С подружкой моей ты не воевала, наоборот, даже была робка - то ли устала, то ли хотела угодить мамаше Фло. Новые, непривычные сдержанность и прохладца сделали тебя, на мой взгляд, совершенно комильфотной. Вдобавок подействовали они и на меня. Прошел месяц, я и сам поостыл к Мари-Жанн. Не воду же мне пить с ее лица. А больше питаться было нечем: в тебе к ней ни ревности, ни ненависти. Скука переросла в ссору, слезы вызвали злость. И на что, думаю, мне барышня Фло? Кажется, из-за нее ты меня даже слегка разлюбила. Потом злость к подружке остыла, но осталась. Вскоре я стал говорить Мари-Жанн, что должен заниматься и вообще мне некогда. Увиливал и не угрызался, так что, вздумай подруга моя искать утешения на стороне, сказал бы - на здоровье. Для драм я не созрел. Ко взаимному согласию встречи стали редки, а ласки очень скоро - вялы и вымученны. Но навек я остался Мари-Жаннин неоплатный должник: она научила меня играть в покер! Потом, когда приходилось выбирать в больших вещах, в политике левизну-правизну, ожиданье войны или мира, бунт или благонадежность, в искусстве - красоту или пользу, в жизни - слово или дело, идеализм-прагматизм, я, сомневаясь день и ночь, возможно, невольно оглядывался на тебя и кидался из крайности в крайность. Было у меня семь пятниц на неделе и никогда - постепенности и продуманности решенья. Чувство во мне заменяло мысль, порыв - логику. И я терялся, решая, быть или не быть, и по неспособности сдавался окончательно. И вот тогда частенько, примостившись к грязному столику, вверял судьбу-индейку тузу треф или девятке бубей.

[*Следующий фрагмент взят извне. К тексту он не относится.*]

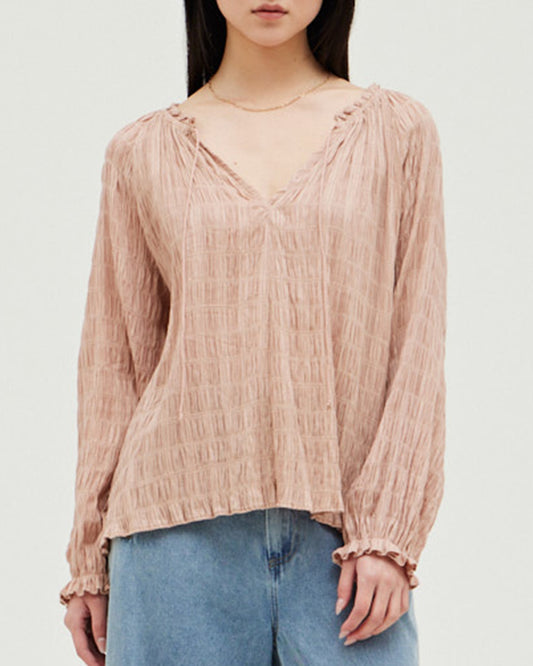 TEXTURE FABRIC BLOUSE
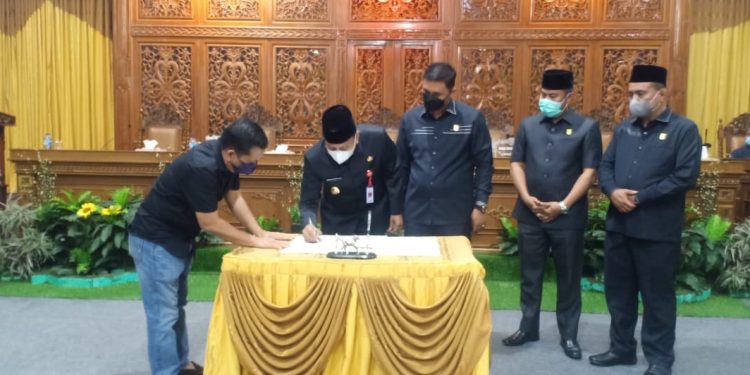 Paripurna DPRD Kabupaten Kuantan Singingi Persetujuan KUA dan PPAS TA 2022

С мамашей Фло ты продружила все же дольше, чем я с дочкой. Это твое увлечение мне стало ясно не сразу. А все просто: муж предпочел тебе службу и от твоих порывов уклонялся, сын взбрыкивал и не отзывался на любовь и нежность, подруги только и знали, что хныкать и ностальгировать. Последняя твоя соломинка - новый человек. Ты жаждала вникнуть в незнакомое, в потемки чужой души, однако в мамаше Фло особых потемок не оказалось. За полгода ты разглядела все. Последний обмен печеньем, помадой, кремом от морщин - и до свидания. И ты наконец объявила амнистию: побежала к русским патриоткам, навестила и обласкала Мельциху.

Однажды, пока я сидел на лекциях, ты взяла у консьержки ключ и навела порядок в моей берлоге. Я вошел и увидел: новые сиреневые, даже слишком, занавески. Вместо грубых простынь дорогие льняные. Шесть розочек расставлены в вазочках, для меньшей пышности по отдельности. В шкафчике годовой запас одеколона и пены для бритья плюс склянки с витаминами. На подушке белел конверт. В нем - две двухсотфранковые купюры и записка: "Счастья тебе, сыночка". Дары означали, что я прощен и что разрыв с Мари-Жанн Фло позволен. И намекали, что новые мои победы заранее одобрены: главное идти вширь, а не вглубь. Дарам я, однако, радовался не безумно. Моя цель - знанья, литература, может, политика и, конечно - слава; счастье же не дело, а вздор и в планы мои не входит. Еще день - и ты стала сама собой и заявила мне, как ни в чем не бывало:

- Одного я не могу тебе простить: твоей любви к Макиавелли. Злой он человек.

- А на добре, мама, далеко не уедешь.